The band did not say a word to the crowd the entire night, and frontman Jim James was cautious with his movements, with a slowed-down version of the duckwalk being his sole bit of showmanship (aside from the traditional donning of the cloak for “Touch Me I’m Going To Scream Pt. 2”).  There were a couple of moments where different members missed a line or added a beat, or even failing to figure out when a song should end, and the soundboard had problems with the mix for most of the night.  But there were several moments where everything synced up perfectly, such as the dazzling light display for “At Dawn” or the dip into crowd favorites from the Z era with “Wordless Chorus” and “Off the Record”.  And once again, the band showed their knack for reworking their older material, with thrilling renditions of “Master Plan” and “Knot Comes Loose”.

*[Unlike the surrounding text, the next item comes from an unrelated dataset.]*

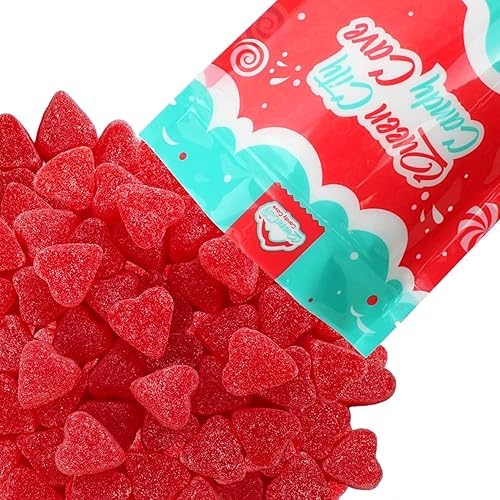 Queen City Candy Cave Sugar Dusted Sweet Heart Cherry Juju Candy, Vibrant Cherry Gummy Hearts (8 Oz)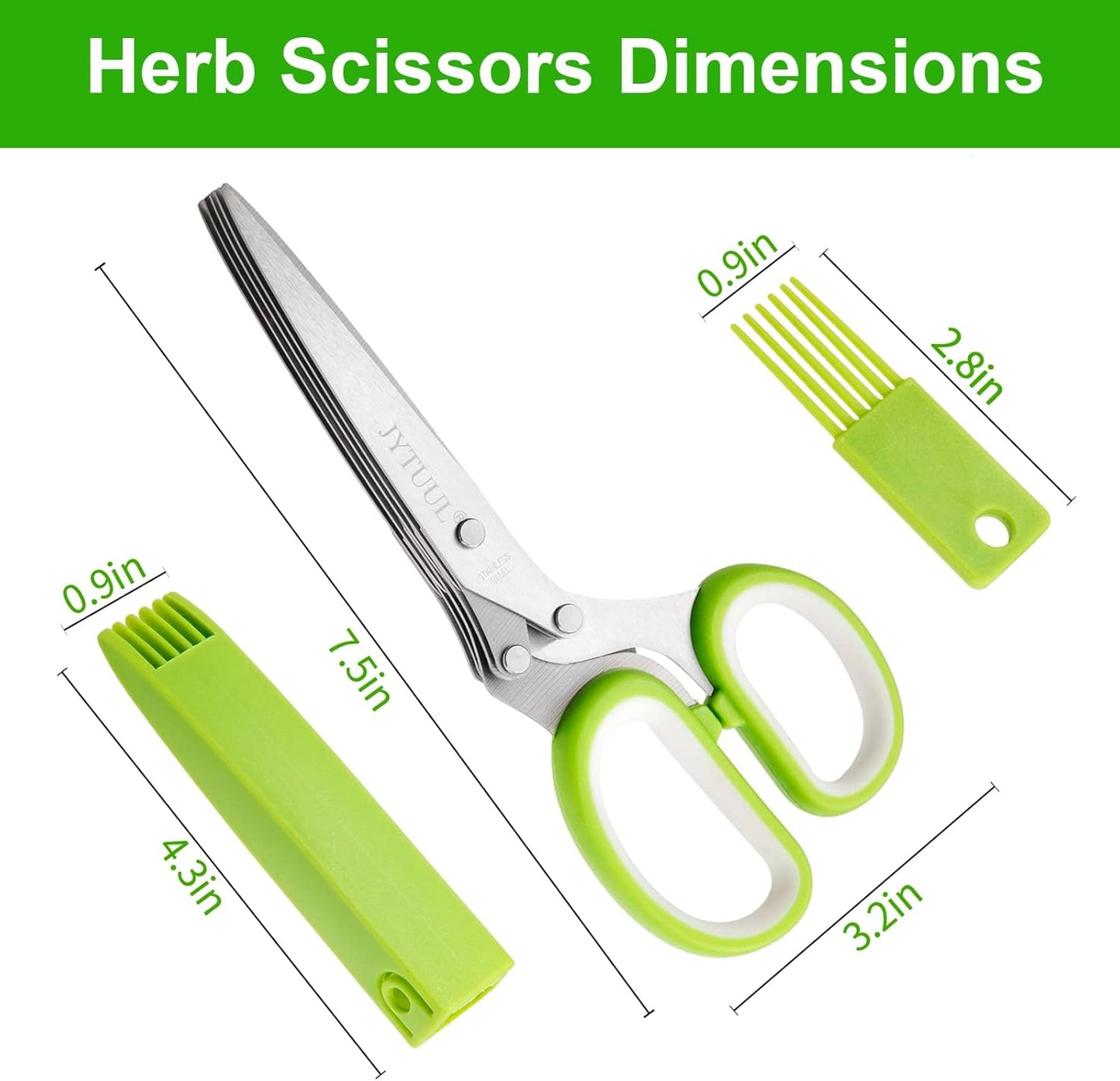 Herb Scissors, Multipurpose Sharp Kitchen Herb Cutter Shears with 5 Stainless Steel Blades, Safety Cover, Cleaning Comb, Cool Kitchen Gadgets for Cutting Fresh Garden Herbs, Dishwasher Safe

A view of "At Dawn" from approximately Hillsboro.

A view of “At Dawn” from approximately Hillsboro.

Opener Strand of Oaks impressed the early crowd and made several new fans that night.  They initially impressed with some excellent metal-leaning chops, and then won over the audience with their tale of driving 31 hours from Champaign, Illinois to make the gig that night to play with their heroes.  They took a risk with some of their more downbeat material that followed, but finished up with a fantastic slow-building closer that had the crowd amped for the main event.

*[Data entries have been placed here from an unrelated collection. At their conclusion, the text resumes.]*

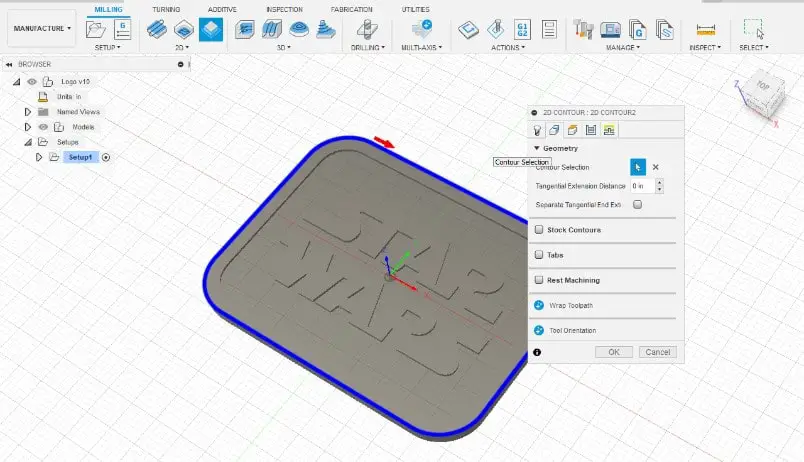 The blue line and red arrow showing the selected contour and the feed direction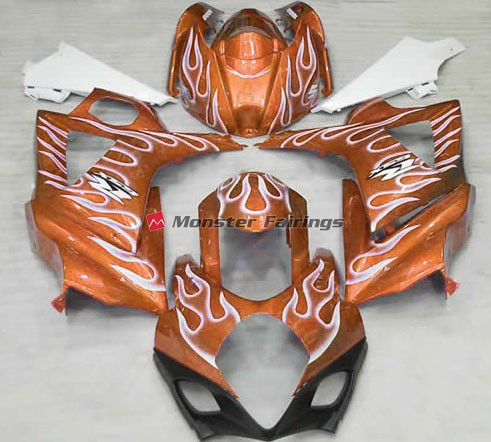 Suzuki GSXR 1000 2007 - 2008 Gloss Orange White Flame ABS fairings - custom motorcycle bodywork kit by Monster Fairings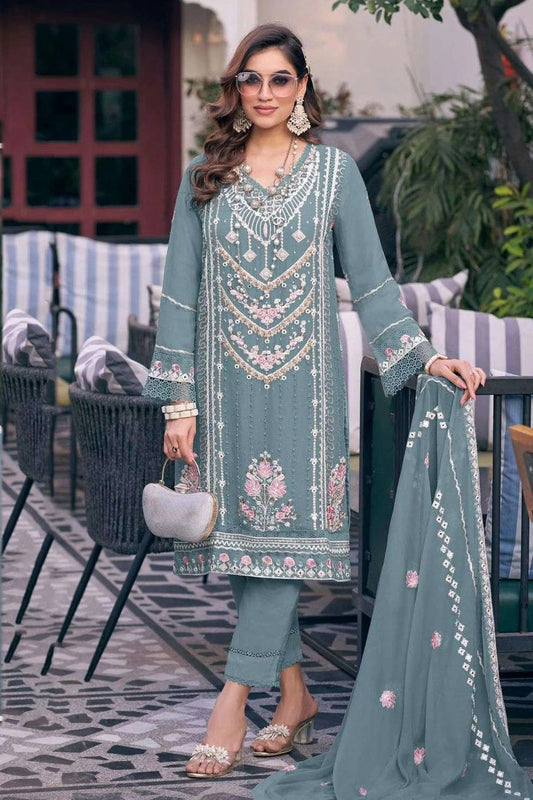 Slate Blue Colour Faux Georgette Pakistani Suit SM1140104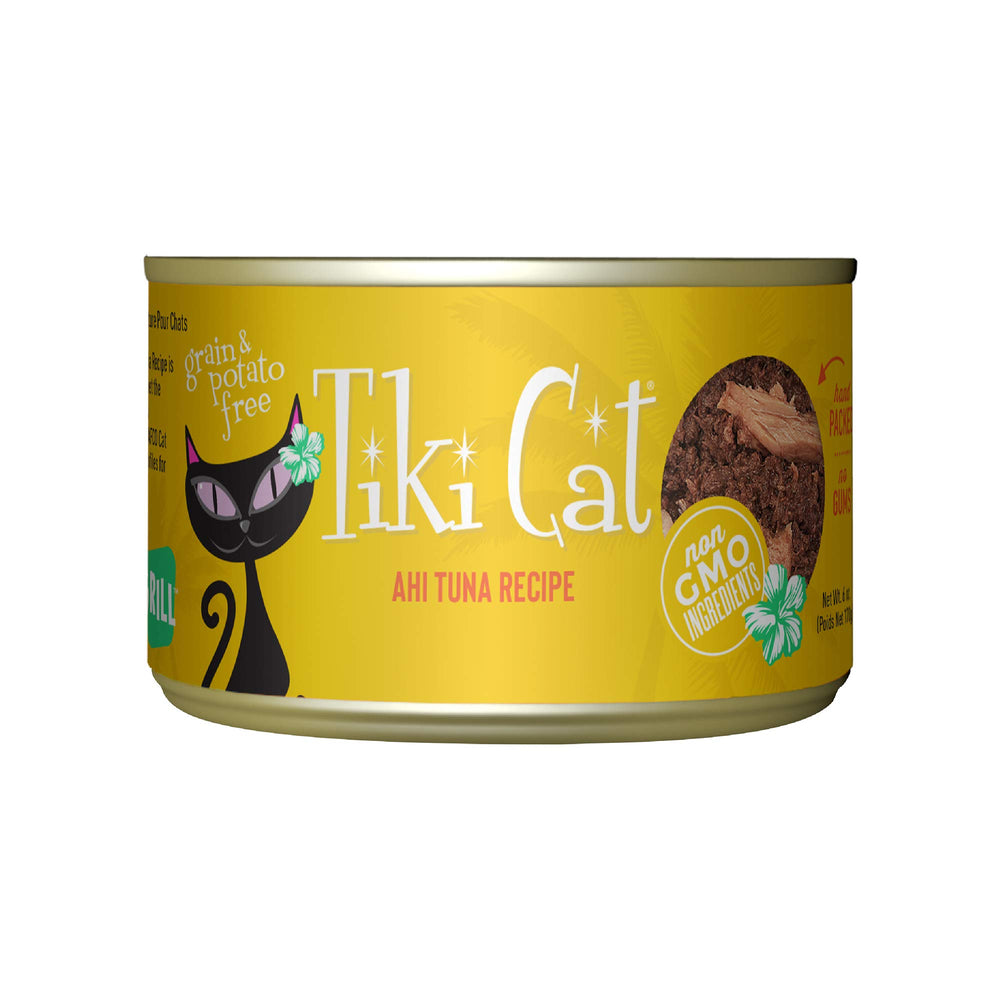Tiki Cat Grill Thon Ahi sur assiette, repas savoureux et riche en protéines.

Feats of Strength: My Morning Jacket

In honor of their show Wednesday night at the Keller Auditorium, we are declaring this to be My Morning Jacket Week.  Today, we take a closer look at one of their greatest songs, “Lay Low”.

My Morning Jacket broke through with the critically-acclaimed album Z, a diverse record that saw the band expand their sound by incorporating numerous diverse influences (including dub and reggae) into their brand of gothic Southern rock.  Not only was it an artistic triumph, it was a commercial success, as it served as an introduction for many to one of the best-kept secrets in indie rock.  I was personally able to convert many of my friends into fans with the help of both Z and the accompanying live album Okonokos, and they have remained devoted to the band to this day as a result.

The centerpiece of the record is the power ballad “Lay Low”, which endures as a highlight of the band’s live show.  The song is broken up into two parts, a tender, but groovy, first half, and an instrumental outro which features a blistering guitar solo from frontman Jim James.  The brilliant solo itself is an obvious draw, a great blend of musicianship and showmanship–it features a beautiful melody that captivates the audience, while also throwing in a handful of flourishes like a series of quick hammer-ons and deep slow bends, that show off some technical chops without drifting into “wankery”, for lack of a better word.

However, it is how James’s solo is incorporated with the rest of the band that makes “Lay Low” such a great song.  Throughout the solo, the other members are complementing James’s work and laying down an excellent foundation, including Carl Broemel’s second guitar counterpoint melody.  The song’s climax is when all five members lock into this wonderful groove, in a moment that still gives me chills to this day.  It is captured perfectly in the video from Okonokos embedded above, when at the 5:05 mark the camera switches to a center-band shot that zooms out until everyone is in view.

It is not just the solo, but the work of the whole band, that created such a masterpiece.